Contrairement aux printemps arabes de 2011, ces tensions aux quatre coins du Moyen-Orient restent à l’échelle nationale et ne cristallisent pas une identité commune autour de défis locaux et régionaux. Ce sentiment d’une seule et même lutte, diffusé par les médias et les réseaux sociaux en 2011.

« Même si les revendications des manifestants d’aujourd’hui sont très semblables d’un pays à l’autre, elles ont rarement été présentées comme une lutte commune. C’est en partie à cause de leur émergence dispersée. Mais c’est aussi parce que depuis 2011, les régimes arabes ont vécu dans la peur de la propagation soudaine des troubles », écrit le professeur. Les gouvernements ont donc appris à contenir la contagion en coopérants entre-eux, financièrement et politiquement, pour la survie de leur régime.

« Ils ont remodelé le paysage médiatique pour encourager la polarisation et décourager la mobilisation, tout en élargissant de manière agressive la surveillance et la manipulation sur les réseaux sociaux », explique Mark Lynch. L’Iran constitue une exception rare : les régimes du Golfe et leurs médias ont certainement encouragé les manifestations de l’hiver 2018, dans l’espoir de défier leurs rivaux à Téhéran, en vain.

« Les échecs des soulèvements depuis 2011 ont laissé des marques profondes sur les sociétés et les individus, empêchant la création d’une narrative régionale partagée », analyse le professeur.
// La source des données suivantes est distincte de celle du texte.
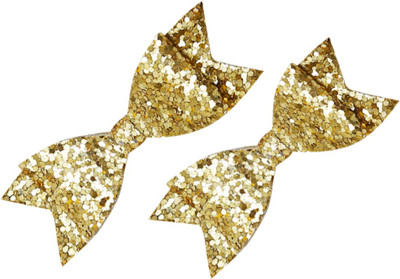 

Dchica Two cute glittery bow Hair Clip(Gold)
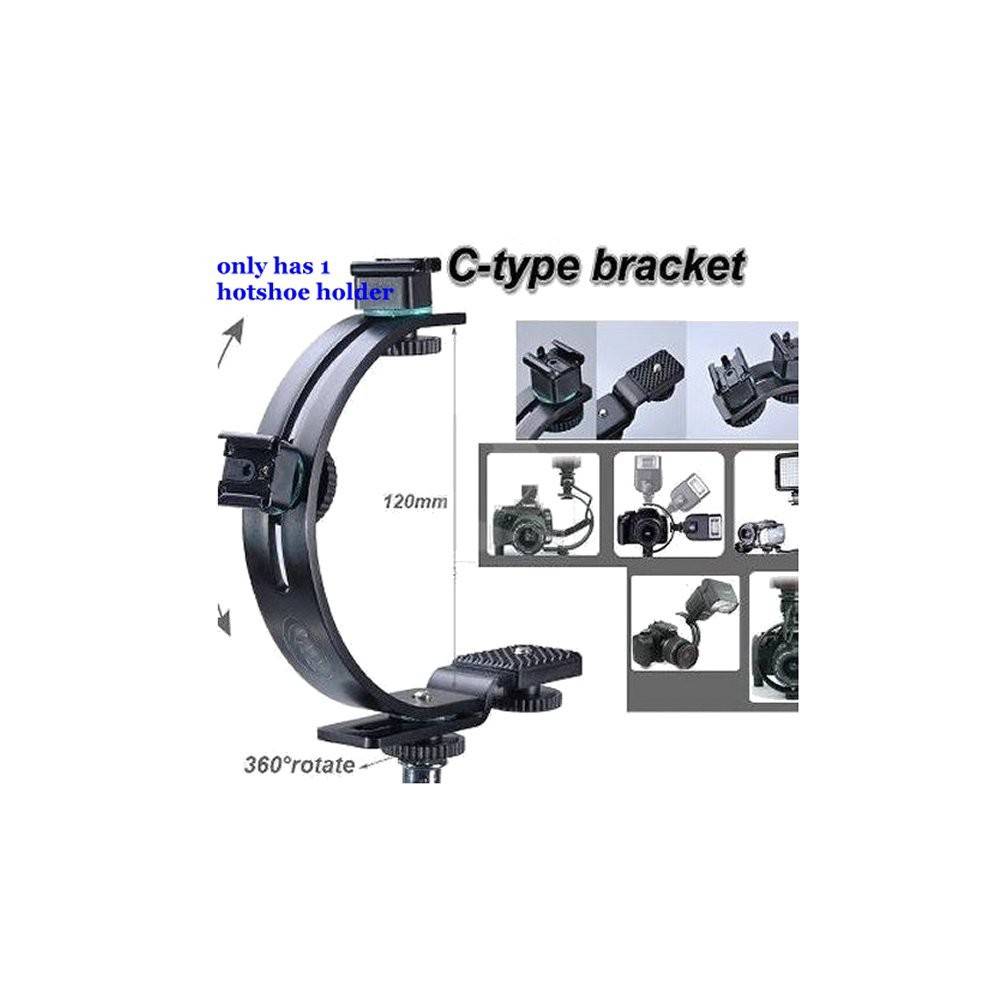 C-Shape Flash Bracket Holder With Dual Hot Shoes - Adjustable Mount For DSLR, Camcorder & DV Cameras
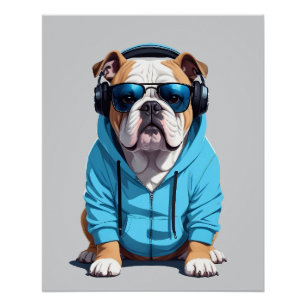 Poster Anglais Bulldog Portant un Sweat - shirt à capuche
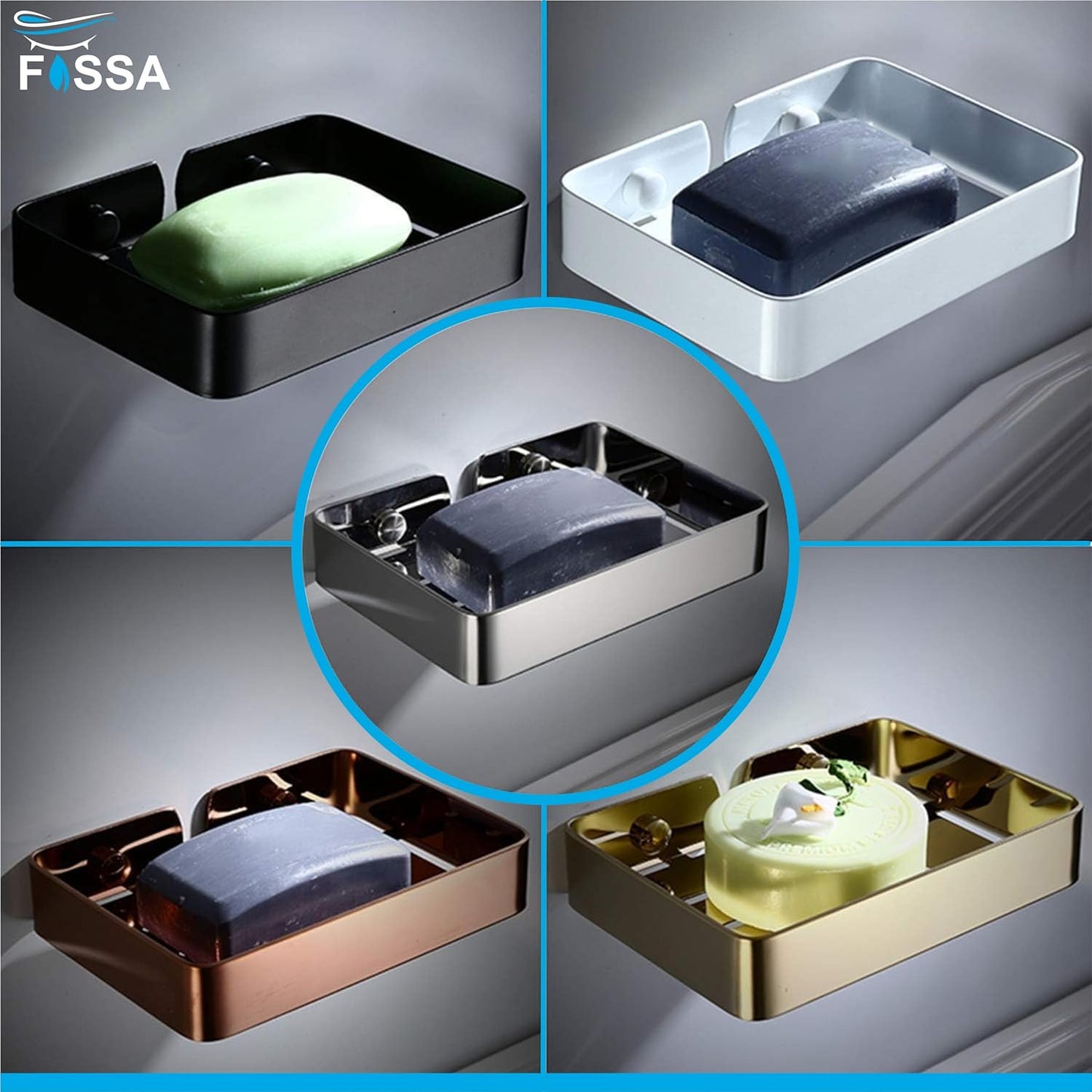 Fossa Soap Dish Premium Stainless Steel Wall Mounted Soap Holder for Bathroom, Soap Stand, Bathroom Accessories Matte Finish Gold (Pack of 1)-3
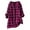 Hot Pink, variant on Women's Vintage Plaid Shirt Plus Size Loose Fit V-Neck Tunic Tops Casual Long Sleeve Button Down Blouse Red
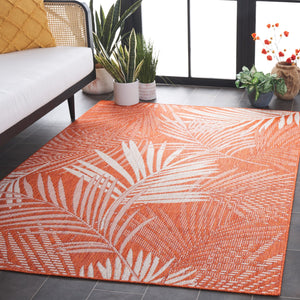 Safavieh Beach House Elegant Indoor/Outdoor Area Rug - Stylish, Durable, And Perfect For Coastal Living Spaces Orange ,Ivory 85% Polypropylene,15% Polyester Bhs264p-26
De nombreux militants ont été emprisonnés, torturés, exilés, par des régimes toujours plus vigilants et brutaux dans leur répression.

« En dépit de ces véritables inhibiteurs d’une nouvelle vague de protestation régionale, les causes profondes de l’instabilité et des troubles populaires dans la région sont claires. (…) Même si les manifestations ne se diffusent pas aussi facilement qu’en 2011, il y a toujours des événements déclencheurs potentiels : la mort d’un dirigeant vieillissant, des changements constitutionnels controversés, une réduction des subventions, voire la fin de guerres civiles, qui se profilent à l’horizon », conclut Mark Lynch.